Women are amazing. Period.
But just because we are capable of handling A LOT – doesn’t mean we should stay at this setting continuously pumping awesome through our veins 24 hours a day.
It’s almost like once we see what we are capable of our mind says “why would we ever operate on a lower setting moving forward now that we KNOW what we can do?” It’s out of sheer appreciation and awe of our own power. I get it. Why would we ever slow down or go back to being “less than” awesome?
Here is where I feel we can misunderstand our own superpower – which is to embody the feminine. Which is powerful in itself and highly misunderstood. To me, this part understands and surrenders to the ebb and flow of life. Where we demonstrate our innate knowing to move with life and not against it. Where we rise up to honour the great rushes of energy and also intuitively tune in to when we need to rest and reflect in stillness as needed. Somewhere along the line we put the value in results, outcomes, achievements and the “I can do it all-ness” mentality we know is possible. And shit get’s out of whack.

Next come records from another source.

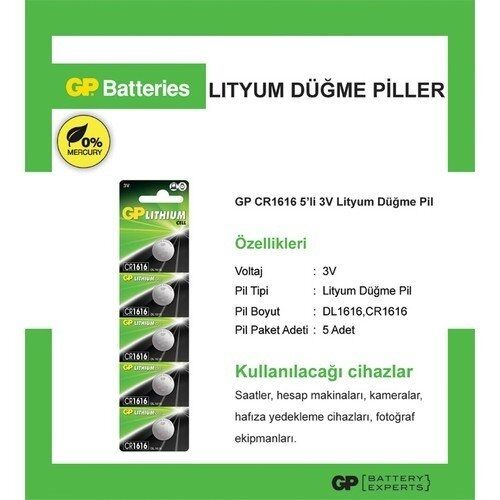GP GPCR1616-C6 3V 5 Lİ LİTYUM KARTELA PİL
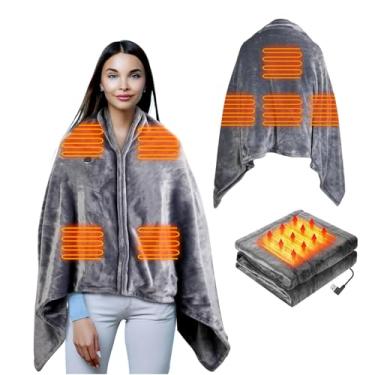 Imagem de Cobertor aquecido, cobertor elétrico, 150 x 78 cm, flanela macia, confortável, usável, USB, aquecido, poncho, aquecedor de inverno com zíper para carro, escritório, casa, viagens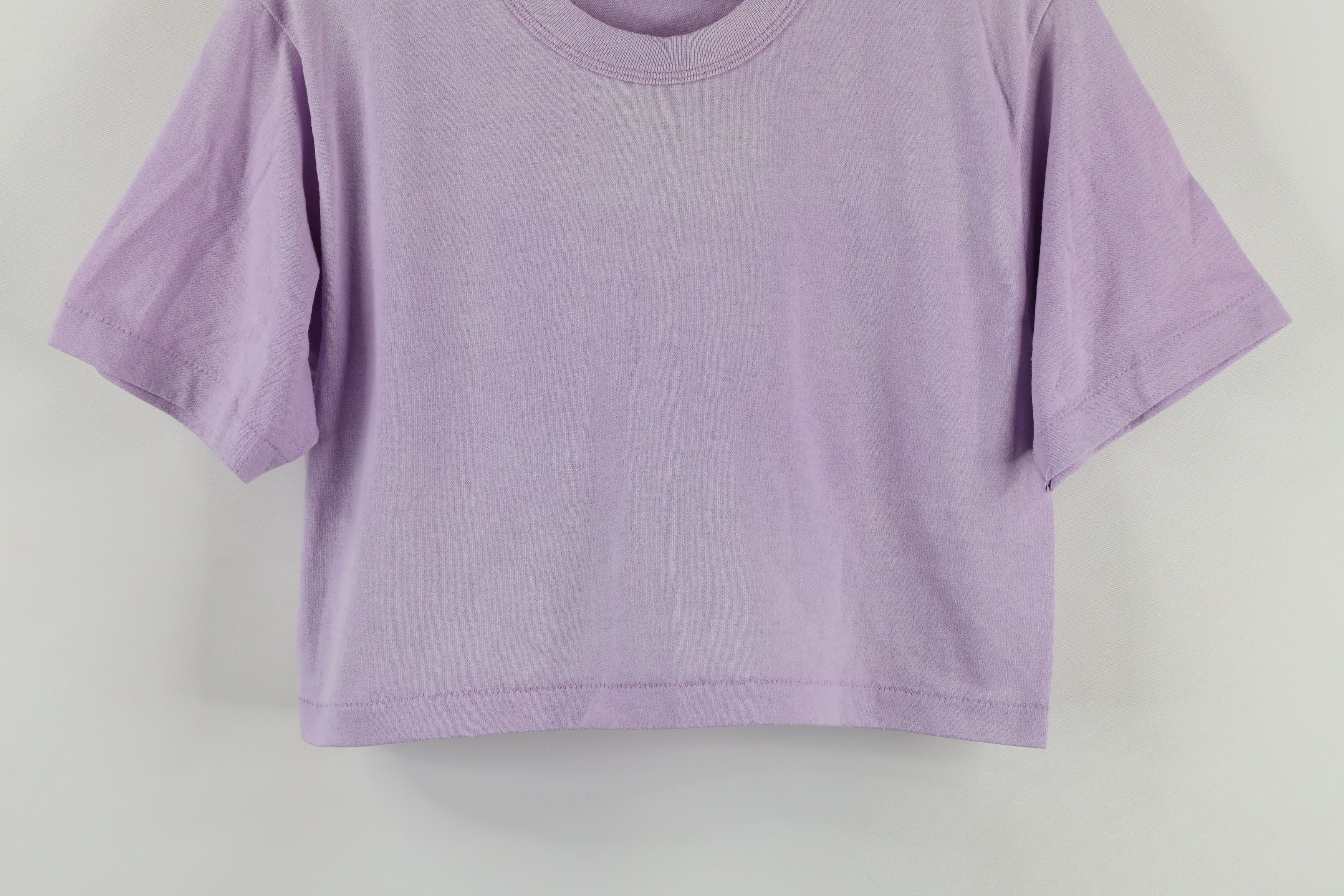 Vintage Vintage 70s Streetwear Blank Cropped T-Shirt Purple USA Size M / US 6-8 / IT 42-44 - 3 Thumbnail
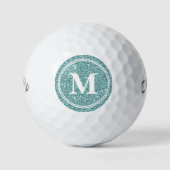 Classy Sage Glitzer Funkelnd Monogam Personalisier Golfball (Vorderseite)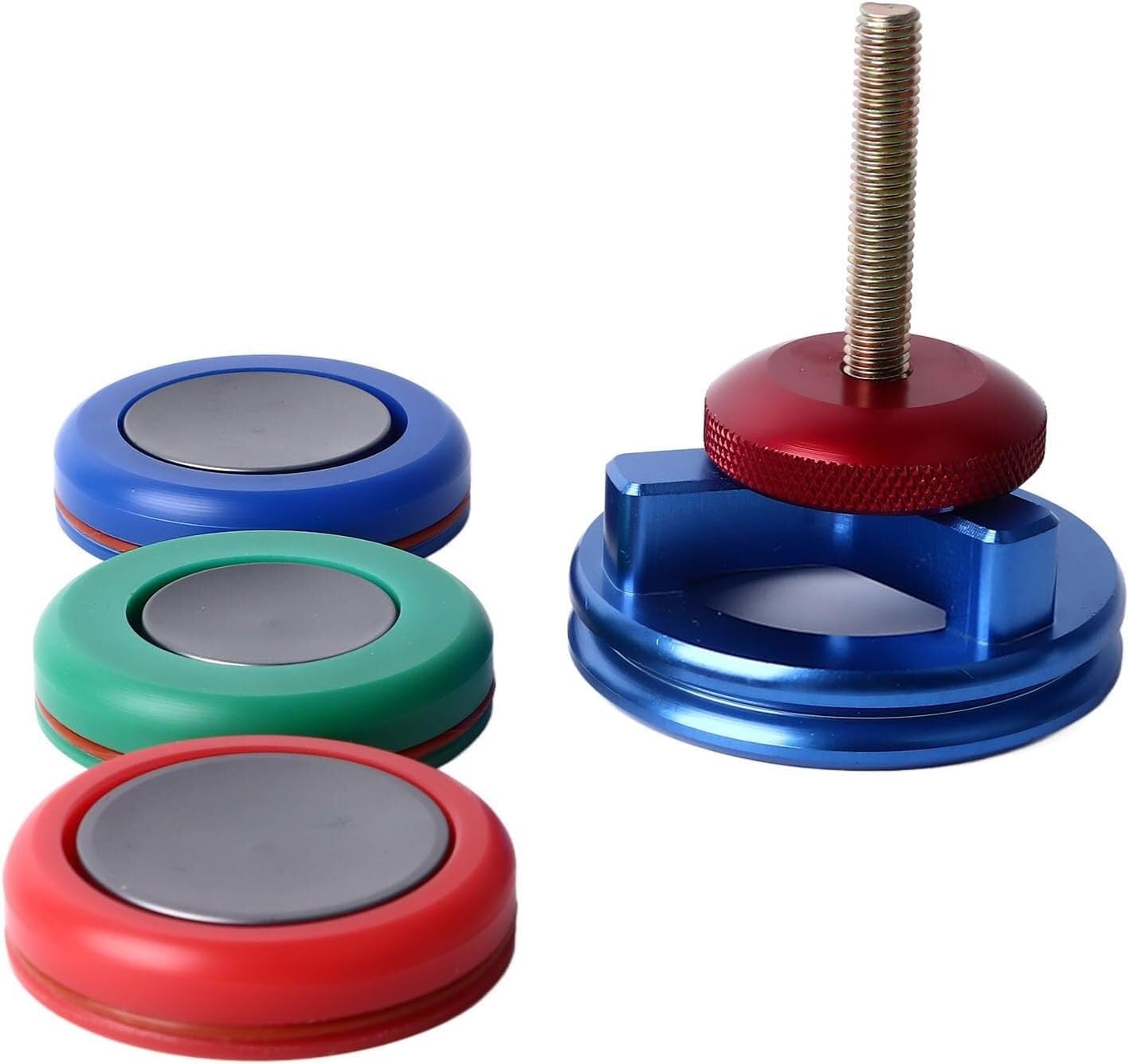 Aprivetro per orologi con 3 punte gomma, 3 metallo e base stabile | Punte intercambiabili in gomma e metallo con base stabile per rimuovere in modo controllato vetri e coperture compatibili.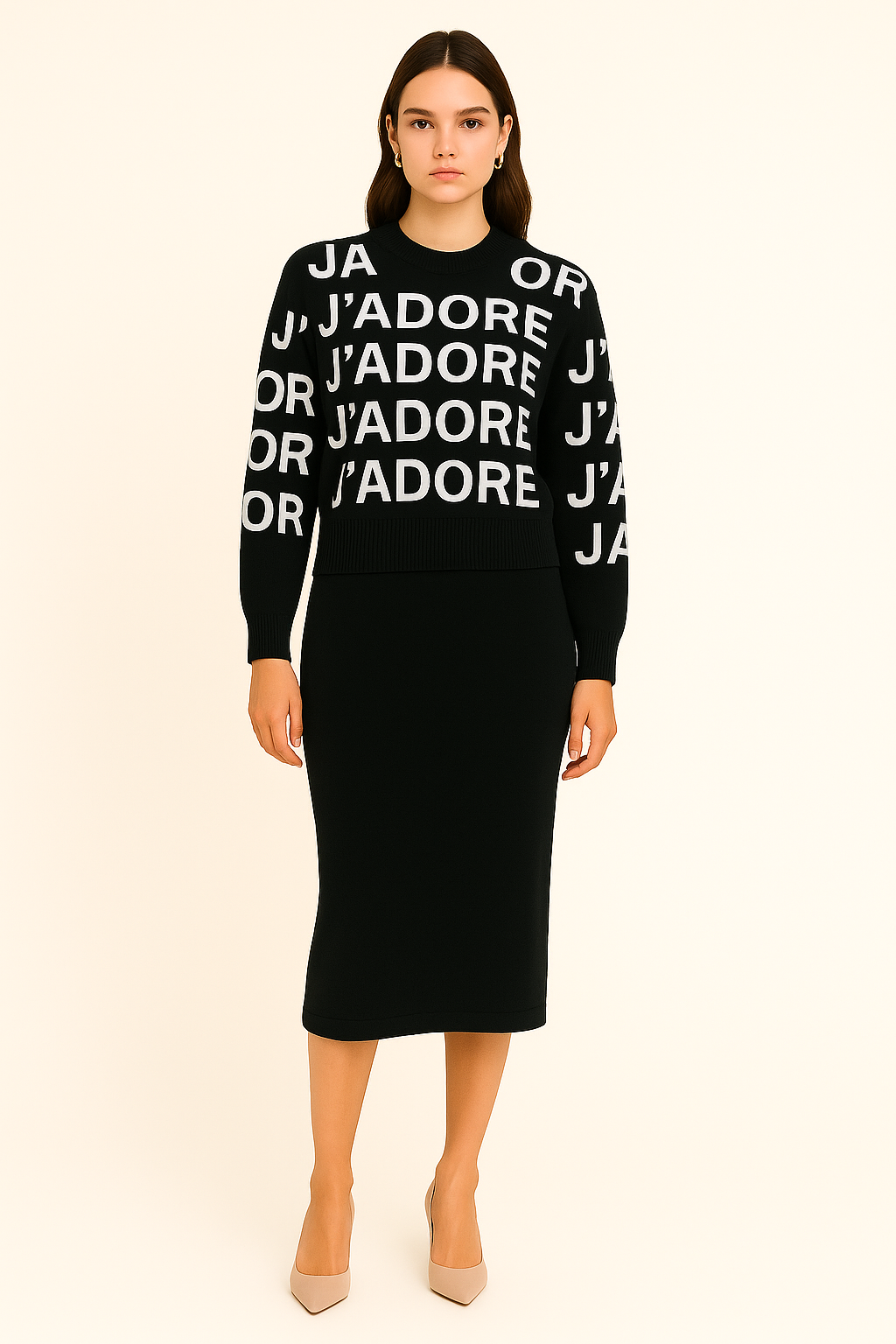 Conjunto De Ropa Falda Y Blusa Elegante Dama Moda Unitalla Ajustado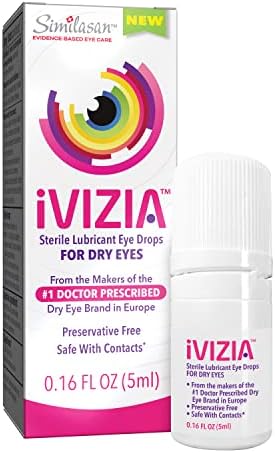 A colírio de lubrificante estéril de Ivizia para olhos secos, sem conservantes, hidratante, alívio do olho seco, amigável para lentes de contato, garrafa de 0,16 fl oz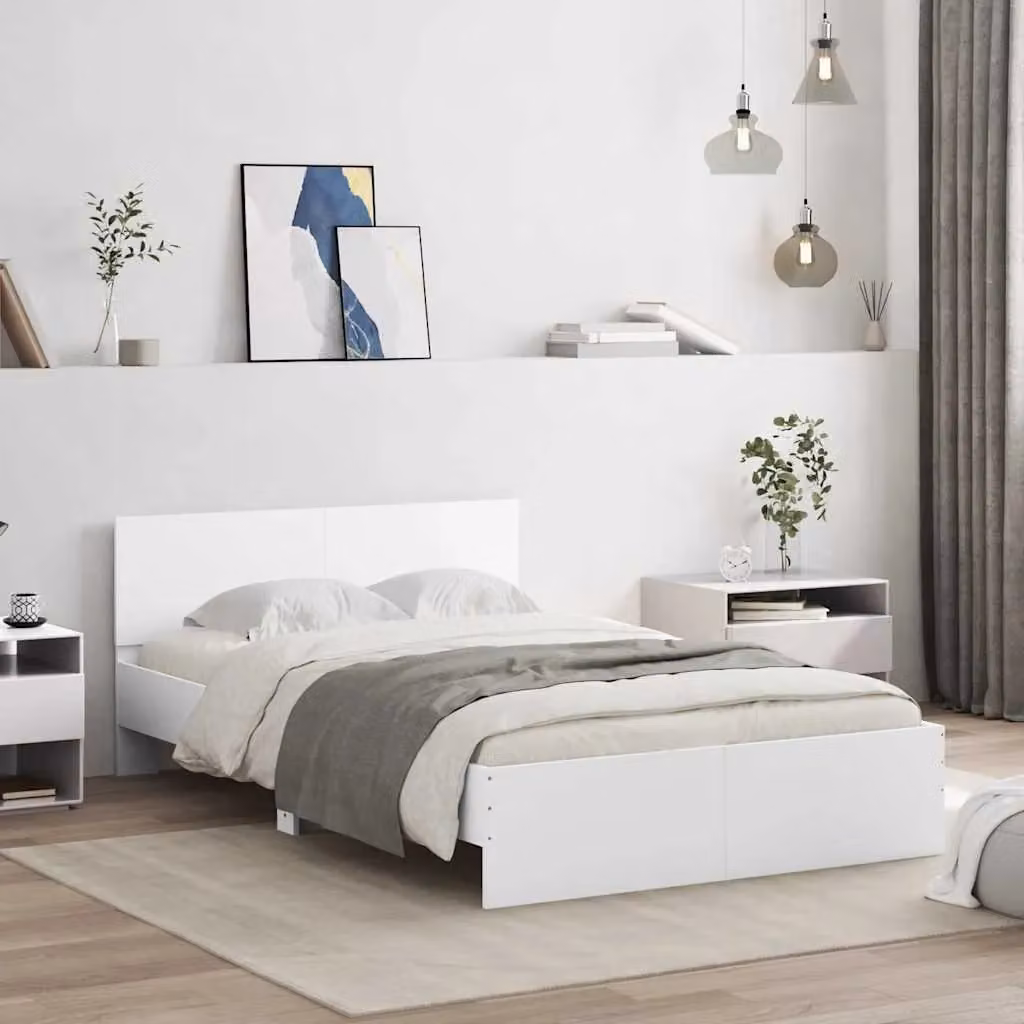 Berkfield Home Modern White Bed Frame with Headboard, LED Under-Bed Lighting and USB Charging Port, W/D/H: 140 x 200 cm – 2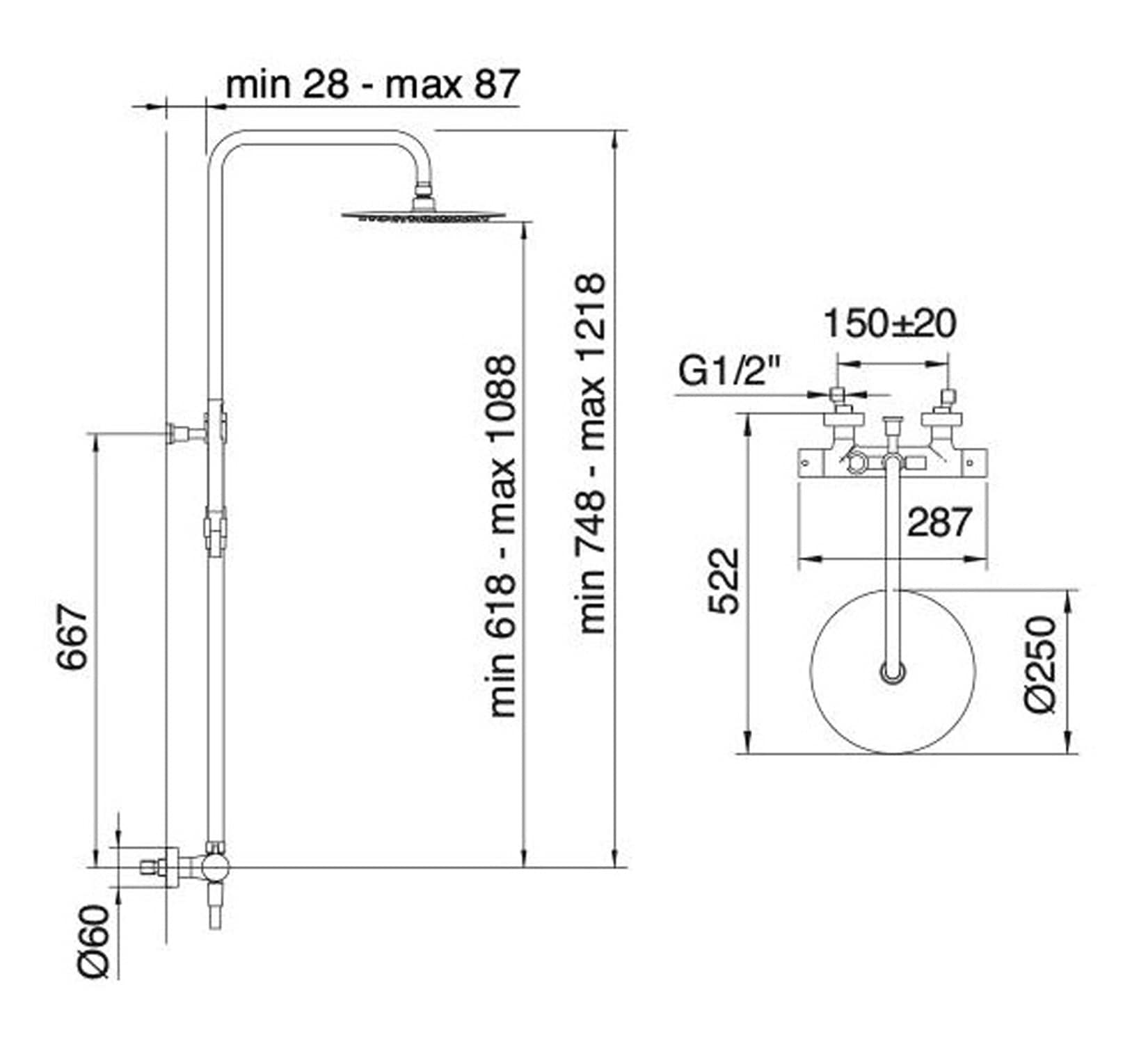 Rubinetterie Treemme SHOWERS & THERMOSTATICS Gruppo Colonna Doccia Attrezzata Multifunzione Miscelatore Termostatico Finitura Cromata Con Doccetta E Soffione Anticalcare In Metallo Tondo Diametro Ø 250 mm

Have you been growing potatoes?
A few years ago when my husband and I began gardening in a community plot, we were frustrated because nothing we planted did very well. It just withered or didn’t show up at all. We did everything we could but nothing seemed to come up above the ground. When we mentioned our frustrations with my sister in law (a horticultural wizard) she asked if the previous owners grew potatoes – which they had. She said that for us to see any growth, the soil needed replenishing, extreme nurturing and supplementation to bring it back to a healthy PH. Apparently potatoes suck the life out of soil making it practically useless with nothing left to give.
I now this metaphor returns as I emerge from growing a bumper crop of potatoes.
After the incredible output of energy and excitement I experienced in the first week of the year (launching my 8 Days of Daring Experiment and selling out my Live Daringly Sessions), I was blown away to see what I was capable of learning and putting into practice in my business. On last day I had a stack of clarity calls set up and was promptly hit by the mother of all colds that I’m still trying to shake off weeks later.
This was a result of running on HIGH for three weeks straight, getting very low quality, being on my phone too much and generally buzzing from the learning and newness it all presented. It was exhilarating and exciting in the moment but now I feel aches and pains I can’t explain and feel the urge to do very little. I’ve pulled back my energy, cancelled plans and allowed myself to listen to where my energy wants to take me (which is back to bed). I started turning my phone off at night and consciously choosing comfort at every turn to replenish my soil.
When we know better, we BE better (and wish it happened faster)
I’m learning recovery doesn’t happen overnight as I hear my mind inquire “So.. are you better yet? Can we go back to “normal” now?” holding the assumption that I should stay at that level of output and energy I held those three weeks. My heart and soul aren’t as direct as the mind but I feel they are grateful I’m tuning in and listening to them. They whisper “trust us… don’t believe the hype… stay the course”.
What I’m committed to figuring out is how to nurture the soil as I go… because why do this cycle again and again, right?
Which leads me to the first step of Daring to Suck – redesigning agreements – with myself, my clients, my body, my family and friends to see what needs to be tweaked or changed to avoid this from happening again.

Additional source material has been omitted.